От рифмованной прозы поэзия отличается тем, думаю, что кроме слов в стихах есть еще что-то, именно словами и непередаваемое.
Попытаться передать это "что-то" словами - большой соблазн. Ведь слова же. Что же, мол, такого - взять и перевести эти слова с поэтического на обычный, разговорный.
Этим, в большой степени, и занимается литературоведение: допытывается, додумывает, досказывает - что же сказал поэт, что он хотел сказать по мнению читателя, живущего, иногда, совсем непохожей жизнью в совсем непохожее время.

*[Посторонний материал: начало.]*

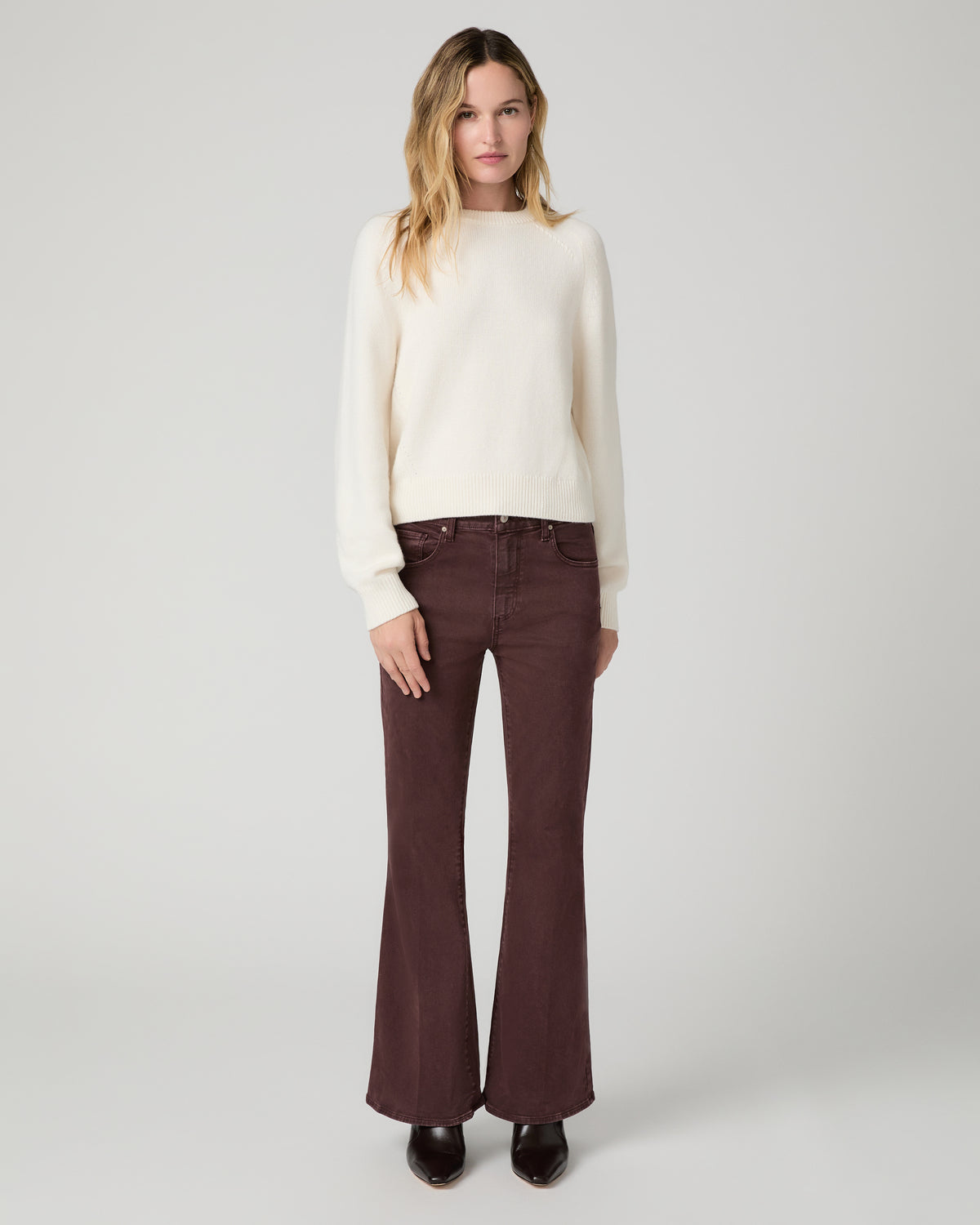 Women wearing a white top paired with burgundy jean and brown boots against a white background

И, может быть, величие поэта тем больше, чем дольше и чем более разные смыслы приписывают читатели (и литературоведы) его стихам.
Представляю еще одно прочтение стихов Мандельштама. "Правильное", нет ли - Бог знает.

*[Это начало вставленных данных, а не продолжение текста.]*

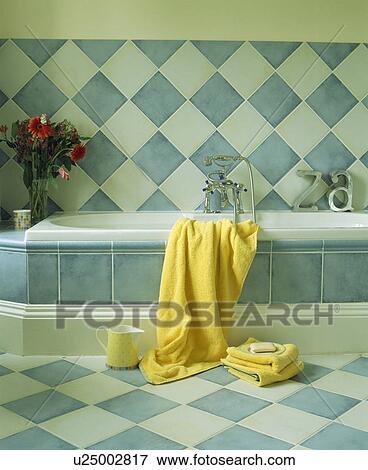 Yellow towel on bath in bathroom with blue+white wall tiles View Large Photo Image Stock Photo - Yellow towel on bath in bathroom with blue+white wall tiles. Fotosearch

Надежда Яковлевна Мандельштам в книге воспоминаний «Время и судьбы» предпринимает беспощадный и неоспоримый анализ бытовой и нравственной атмосферы, сложившейся в стране в последние, «милостиво подаренные» поэту, годы жизни в воронежской ссылке. Оглядываясь на эти годы, на душевные и физические муки надломленного преследованиями О.М., она рисует глубоко осмысленное, из самого сердца поднимающееся противостояние его личности текущей вокруг жизни, полной страха, покорности и готовности к предательству.

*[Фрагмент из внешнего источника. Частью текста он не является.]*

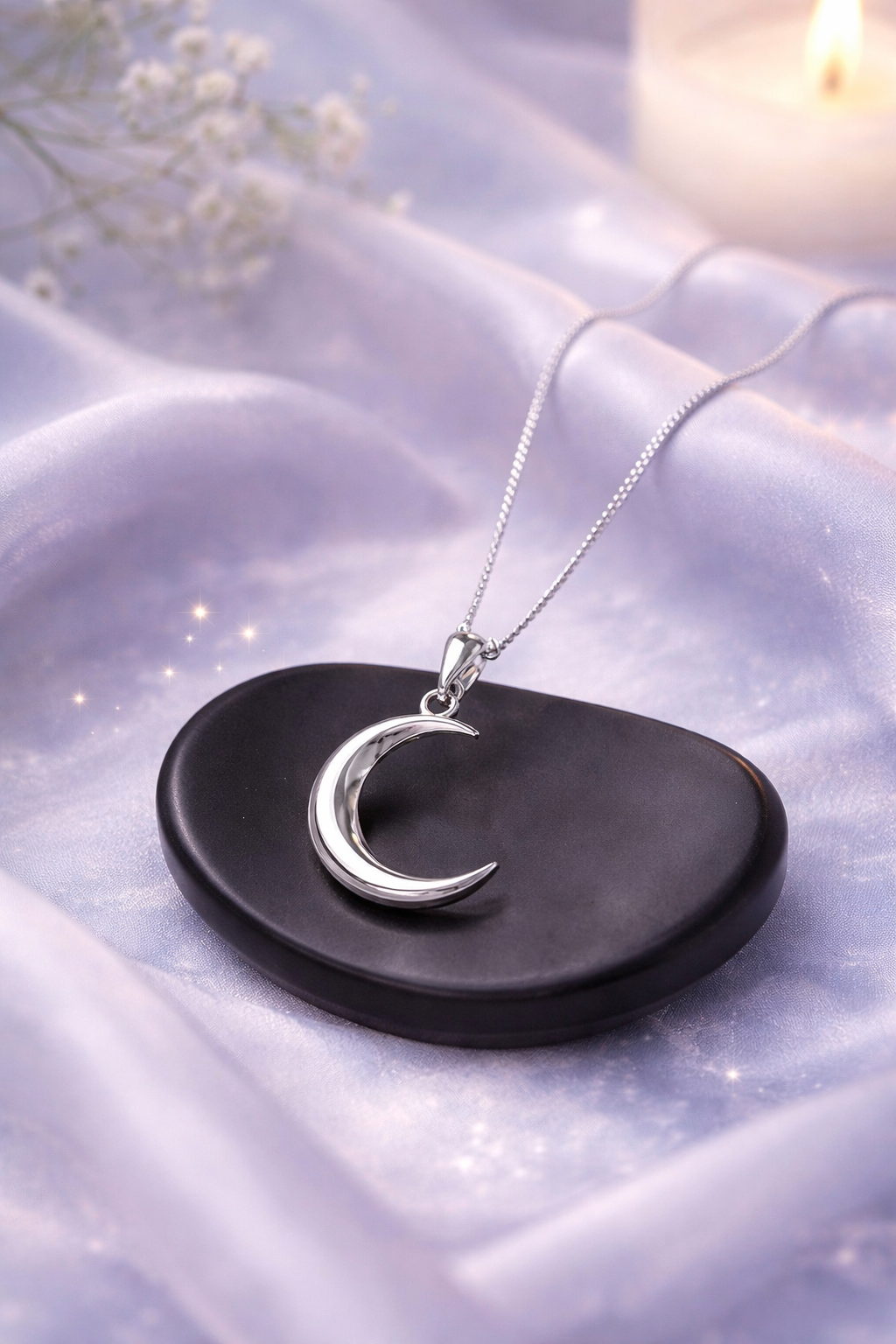 Silver moon-shaped pendant on a chain, placed on a dark stone surface with a soft background.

Читатель (хотя, надо думать, не каждый) мысленно солидаризируется с поэтом и его «подругой-нищенкой», живущими в предчувствии расправы и «в роскошной нищете», но сохраняющими духовную независимость, достоинство хранителей мировой культуры и верность идеалам свободолюбивого «четвертого сословья» еще на их памяти заявлявшего о себе в России. Воссоздаваемая Надеждой Яковлевной трагическая картина не оставляет сомнений в своей подлинности. Однако при чтении ее книги начинаешь невольно припоминать воронежские стихи О.М., потом открываешь их, чтобы перечитать и…тема противостояния поэта государственной машине и упадку гражданственности оказывается не столь однозначной, как виделось поначалу.
Держать в себе оборону против злодействующей и будящей в людях низменные побуждения власти -- едва ли не инстинктивная позиция О.М., человека, приходящего в раздражение (до неистовства) от любой «лжи» и тупости. Но если попытаться выделить сильнейшее чувство, то и дело питающее его поэтическое вдохновение в воронежском цикле, -- это не гнев, не пафос мученичества, не стон скорби. Не горечь, не уязвленное достоинство, не презрение к палачам. Согласитесь ли вы, читатель? - это …восторг.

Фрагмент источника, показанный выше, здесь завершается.